Das Regime in Birma terrorisiert auch die Minderheiten

Niedergebrannte Dörfer und Massenflucht

Die Krise in Birma (Myanmar) ist nicht nur ein Konflikt zwischen Militärs und buddhistischen Mönchen, zwischen Machthabern und Demokratiebewegung. Und er ist nicht auf Rangun und andere große Städte begrenzt. Im Vielvölkerstaat Birma werden auch die ethnischen Minderheiten von der Militärjunta brutal unterdrückt.

 (DR)

Jeder Dritte gehört einer Minderheit an
Von den 50 Millionen Einwohnern ist jeder Dritte Angehörige einer Minderheit, sagt Ulrich Delius von der Göttinger Gesellschaft für bedrohte Völker. In den an Thailand grenzenden Bergen leben Schätzungen zufolge dreieinhalb bis sieben Millionen christliche Karen, zwei Millionen Mon und rund fünf Millionen Shan. Wie verlässlich die Zahlen sind, ist unklar. Die letzte Volkszählung gab es vor 70 Jahren. In anderen Regionen gibt es die muslimischen Rohingya, die Kachin, Karenni und viele kleinere Völker.

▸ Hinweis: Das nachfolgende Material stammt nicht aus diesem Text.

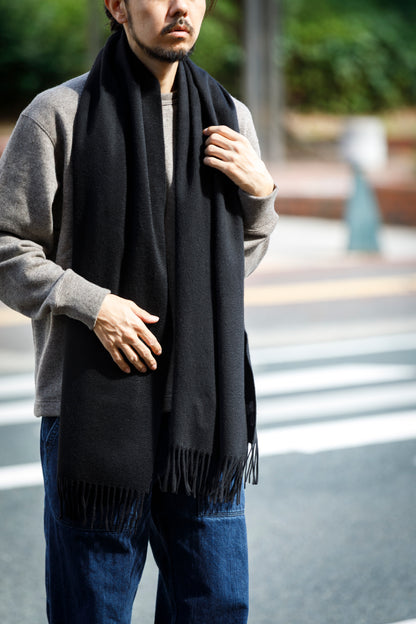 Joshua Ellis / Cashmere Plains Stole 70×190 - Black(CPG 48870)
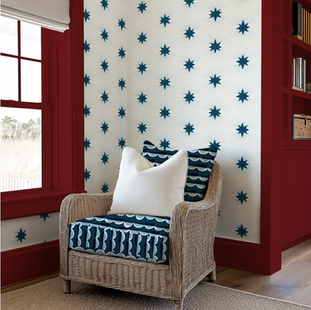 Timeless With a Twist: A Red, White, and Blue Room Refresh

Die vor der Unabhängigkeit im Jahr 1948 versprochene föderale Staatsverfassung und Minderheitenrechte wurden nie gewährt, kritisiert Delius. Deshalb kämpfen die Völker zum Teil mit Waffen um mehr Selbstbestimmung und Autonomie. Zwar gelang es dem Militärregime, Mitte der 90er Jahre mit 17 Gruppen Waffenstillstandsverträge zu schließen. Aber andere Untergrundarmeen kämpfen weiter. Am stärksten sind die Widerstandsbewegungen "Karen National Union" und "Shan State Army".

Die Shan herrschten einst selbst über das Land, bis sie Ende des 16. Jahrhunderts von den Birmanen unterworfen wurden. Zur Demokratiebewegung beziehen die Nationalitäten nicht eindeutig Stellung. Einerseits unterstützen viele Völker den Kampf gegen die Junta. So kam es in den vergangenen Wochen auch in den Gebieten der Karen, Kachin und Rohingya zu Protesten gegen die Militärregierung.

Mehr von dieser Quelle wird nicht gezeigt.